Legislators also approved proposals to protect the state's agricultural industries and expand Louisiana's foster care system up to age 21.
The passage of the education plan signals the end of a standoff between the Board of Elementary and Secondary Education, or BESE, and House Republican leaders. The governor's proposal was backed by BESE.
"As we enter the final days of the legislative session, we have a chance to invest in education at every level, from early childhood all the way through higher education," the governor said in a press release.
House Republicans initially questioned whether the state could afford the discretionary block grant for local school districts. But the Senate adopted BESE's funding formula 37-1 last month, increasing pressure on the House to pass the governor's proposal.

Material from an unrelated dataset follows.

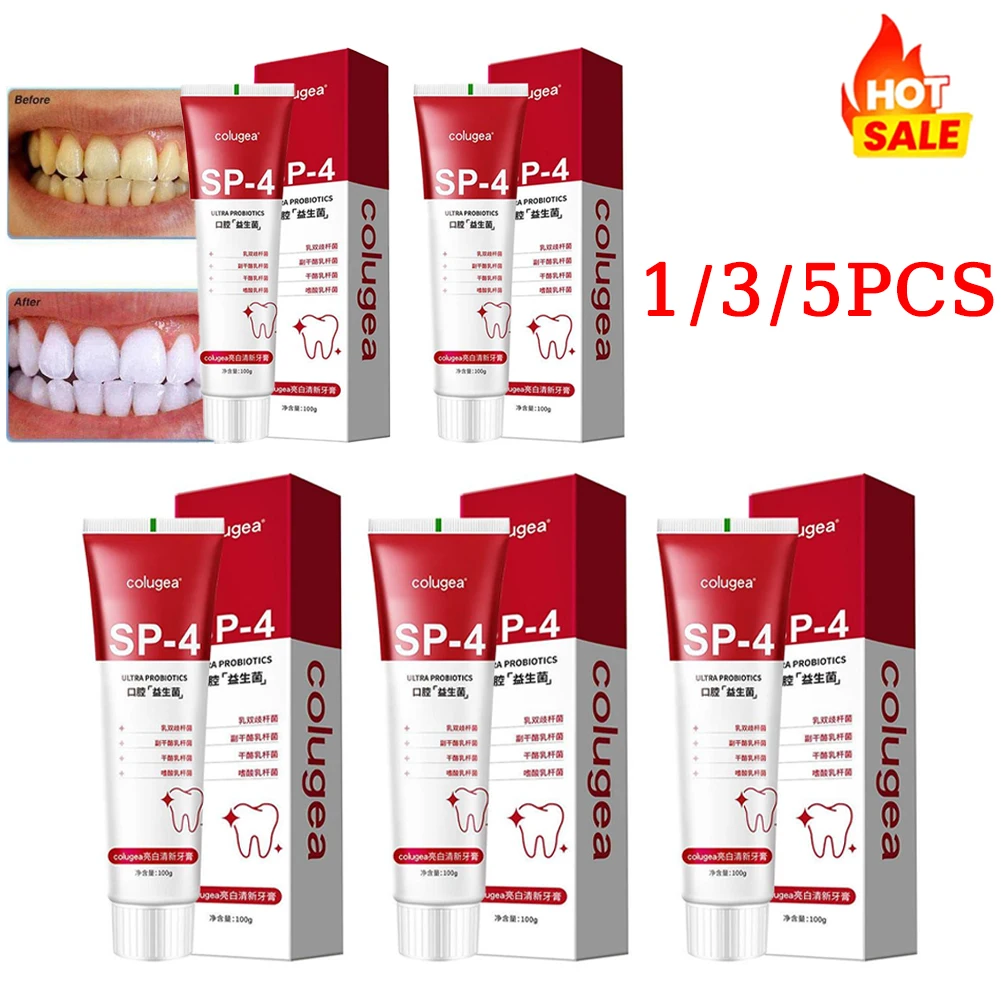 Sip-4 Probiotic Toothpaste With Natural Ingredients Refresh Prevent Dental Cavities Stain Removal Smoke Coffee Tea Teeth Breath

The bill's passage means that the governor's $30 billion state operating budget should now pass the House, as the block grant had been the key hurdle.

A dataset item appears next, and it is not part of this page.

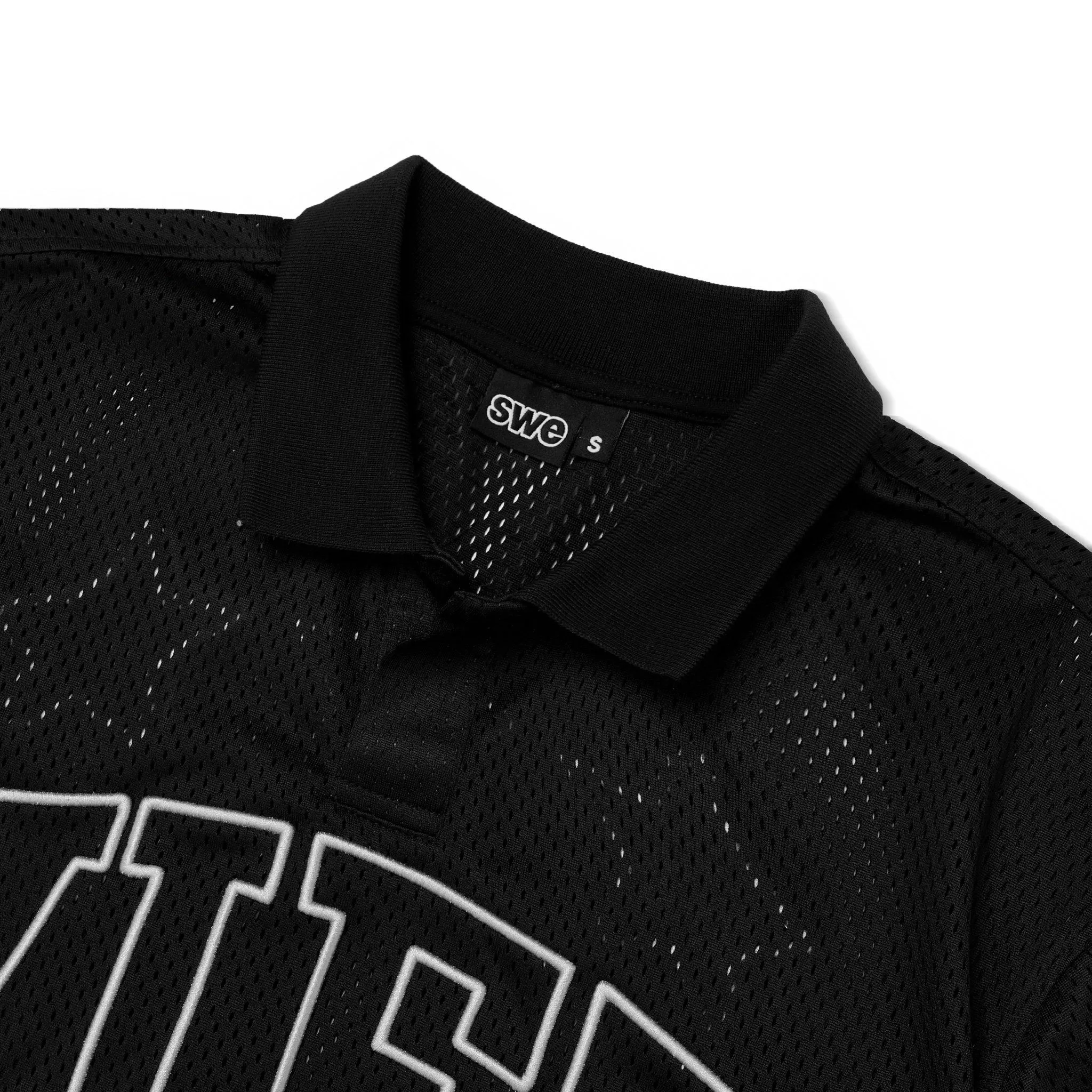 VN MESH POLO - BLACK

The legislative session must end by June 6.
Also on Monday, a proposal that would call for "truth in labeling" in food products cleared the House 58-29, sending the bill back to the Senate for review before it could head to the governor's desk.
Sponsored by Sen. Francis Thompson, D-Delhi, the bill would prohibit manufacturers from labeling plant-based products using agricultural food standards.
Rep. John Stefanski, R-Crowley, who presented the bill on the House floor, added an amendment that would allow terms like "riced cauliflower" to be printed on labels but still ban "cauliflower rice."
"Call it what it is," Stefanski said. "Don't piggyback off of what our farmers in Louisiana have spent years and years marketing."
The bill has been backed by state agricultural groups, including the Louisiana Cattlemen's Association, and by Commissioner of Agriculture Mike Strain.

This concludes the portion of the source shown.